In 2004 Halphen expanded Fruit Box into Sydney and between 2005 and 2008 he established the business in Australia’s other capital cities. The businesses’ original $100,000 turn over increased to between $600,000 and $700,000 in turn over but, like many SME owners, Halphen increasingly felt that he’d bought a job, rather than a business.
“We were seeing growth without reward,” he said. “There were many times I wanted to chuck it in, but those first seven years of my career had helped me develop resilience and that’s what got me through.”
Encouraged by his father to “embrace struggle years, as they are the best years of your life,” Halphen spent the next 10 years getting to know the business and his customers. He minimised backlash during the GFC – and actually managed to grow the business, by leveraging their fruit customer base to introduce Milk Box milk deliveries to his service offering. Today Milk Box delivers 10-million litres of milk to Australian businesses every year, which represents 40 per cent of the business.

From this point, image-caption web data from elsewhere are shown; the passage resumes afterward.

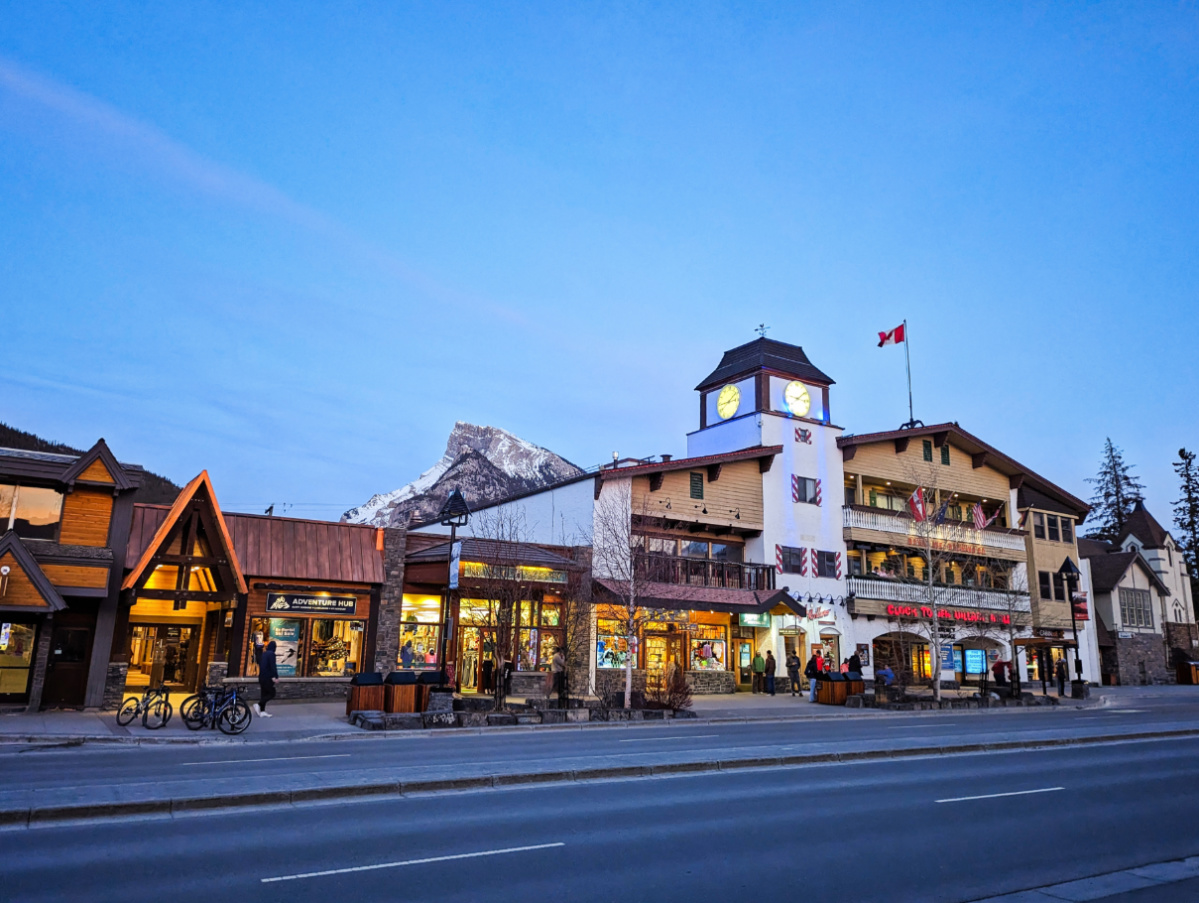 Downtown Banff with Canadian Rockies at Sunset Banff Alberta 1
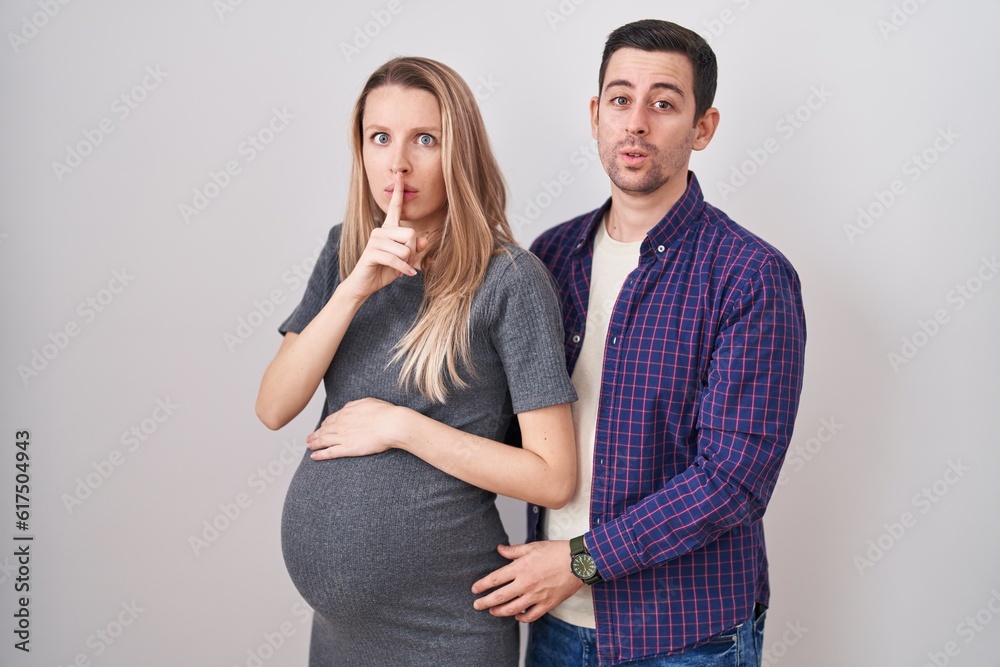 Young couple expecting a baby standing over white background asking to be quiet with finger on lips. silence and secret concept. Young couple expecting a baby standing over white background asking to be quiet with finger on lips. silence and secret concept.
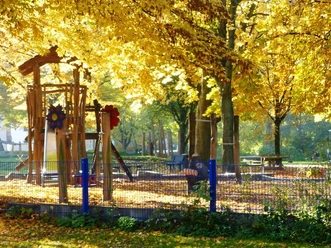 Spielplatz im Riemekepark Im Riemekepark lädt ein Spielplatz mit Klettergerüst und Rutsche, umgeben von herbstlichen Bäumen, ein.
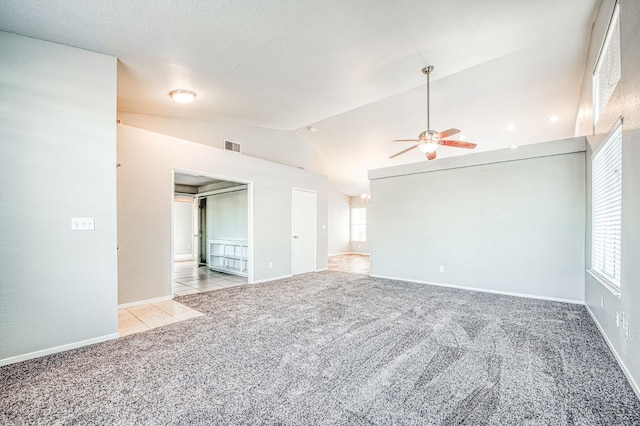 empty room featuring visible vents, a ceiling fan, light colored carpet, lofted ceiling, and light tile patterned flooring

“Again, luck played a part in that success,” said Halphen. “It turned out that milk helped to sell food, and at the same time coffee machines became much more prevalent in workplace so we rode that wave of popularity as well.”
While the business’ targeted turnover for the next financial year is $60-million, Halphen is not resting on his laurels, acknowledging that the 20% year-on-year growth in demand for milk won’t continue indefinitely. In order to future-proof the business, he and his team constantly assess potential new products and services to offer under the Fruit Box-Milk Box banner, and they are currently focusing on pantry and janitorial items and alcohol, consumables clients traditionally purchase from supermarkets and cash and carries.
“We are not in business for an exit,” he said. “At 17 years old, the business is a teenager that we’re now preparing for adulthood. We’re successful at running a business that is profitable and embraces opportunities, and we want to continue to do that.”
Halphen said the number one key to his success is that he “didn’t get full of himself” saying he and his team never forget the things that got the business where it is today. “In business there can be a tendency to stop looking backwards and just look forwards. We approach every challenge in business with no entitlement and we write the next chapters of our own book.”
He said the second key to business success is connection; with the business and team, with the customer, with the community and with success itself.
“If you can’t say what your business does in 25 words I reckon you don’t know what you’re doing,” said Halpern. “Your relationship with your customers should be a love affair. If you walk in their footsteps and enhance what they are doing, the business will take care of itself. “
Halphen has grown Fruit Box and Milk Box into a business with a social conscience, piloting a program in 2017 to donate fruit boxes to families in need. “Connection with the community – and social good – is good business,” said Halphen. “It leads into connecting with success and why we get up in the morning. We provide a good environment to work in and we’re building our people. Now it’s about doing something good that can genuinely impact the community.”
A Melbourne entrepreneurial success story, Halphen has big aspirations to solve problems in simple, straightforward ways, saying: “We work hard through challenges with resilience. We are excited about future – we embrace the future.”